Instructions to follow: Search the records below for "tree"; copy each line that has it.

Given records:
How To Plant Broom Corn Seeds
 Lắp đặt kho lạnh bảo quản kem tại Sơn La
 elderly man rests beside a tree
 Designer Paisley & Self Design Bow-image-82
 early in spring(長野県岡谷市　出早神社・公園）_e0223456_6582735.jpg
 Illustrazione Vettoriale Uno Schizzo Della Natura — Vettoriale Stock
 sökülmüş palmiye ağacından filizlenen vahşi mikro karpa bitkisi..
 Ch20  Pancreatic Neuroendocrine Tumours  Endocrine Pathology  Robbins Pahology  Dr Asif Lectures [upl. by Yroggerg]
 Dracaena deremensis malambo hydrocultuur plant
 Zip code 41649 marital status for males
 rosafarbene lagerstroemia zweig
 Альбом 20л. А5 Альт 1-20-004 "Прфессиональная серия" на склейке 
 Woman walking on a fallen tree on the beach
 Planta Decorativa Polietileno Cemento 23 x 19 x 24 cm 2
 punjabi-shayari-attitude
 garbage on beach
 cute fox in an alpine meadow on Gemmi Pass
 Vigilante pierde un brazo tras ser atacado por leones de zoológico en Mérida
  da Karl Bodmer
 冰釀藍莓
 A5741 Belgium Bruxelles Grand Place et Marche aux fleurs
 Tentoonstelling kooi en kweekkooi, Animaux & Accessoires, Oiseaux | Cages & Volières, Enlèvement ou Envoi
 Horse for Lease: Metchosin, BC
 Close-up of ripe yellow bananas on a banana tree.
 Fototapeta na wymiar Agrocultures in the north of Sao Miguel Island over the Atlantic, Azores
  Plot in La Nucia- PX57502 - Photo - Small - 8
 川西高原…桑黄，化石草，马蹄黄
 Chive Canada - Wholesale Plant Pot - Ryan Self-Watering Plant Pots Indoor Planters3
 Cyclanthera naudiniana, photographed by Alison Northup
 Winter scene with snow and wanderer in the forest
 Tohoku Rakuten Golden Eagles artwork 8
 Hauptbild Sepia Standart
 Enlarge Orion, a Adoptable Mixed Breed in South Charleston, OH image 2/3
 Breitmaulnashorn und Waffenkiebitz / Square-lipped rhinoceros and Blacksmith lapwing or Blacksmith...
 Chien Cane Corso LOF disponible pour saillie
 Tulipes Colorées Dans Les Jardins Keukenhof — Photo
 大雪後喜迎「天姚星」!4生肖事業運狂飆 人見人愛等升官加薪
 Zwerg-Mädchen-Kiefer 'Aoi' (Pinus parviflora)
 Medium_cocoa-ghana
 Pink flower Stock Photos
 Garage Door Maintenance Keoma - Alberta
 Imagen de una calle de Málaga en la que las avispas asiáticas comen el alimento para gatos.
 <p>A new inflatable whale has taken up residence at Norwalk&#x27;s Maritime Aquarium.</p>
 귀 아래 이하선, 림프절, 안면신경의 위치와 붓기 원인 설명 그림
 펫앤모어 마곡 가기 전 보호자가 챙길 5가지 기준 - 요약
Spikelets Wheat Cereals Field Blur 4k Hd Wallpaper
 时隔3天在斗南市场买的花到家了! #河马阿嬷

Finished task:
 elderly man rests beside a tree
 Woman walking on a fallen tree on the beach
 Close-up of ripe yellow bananas on a banana tree.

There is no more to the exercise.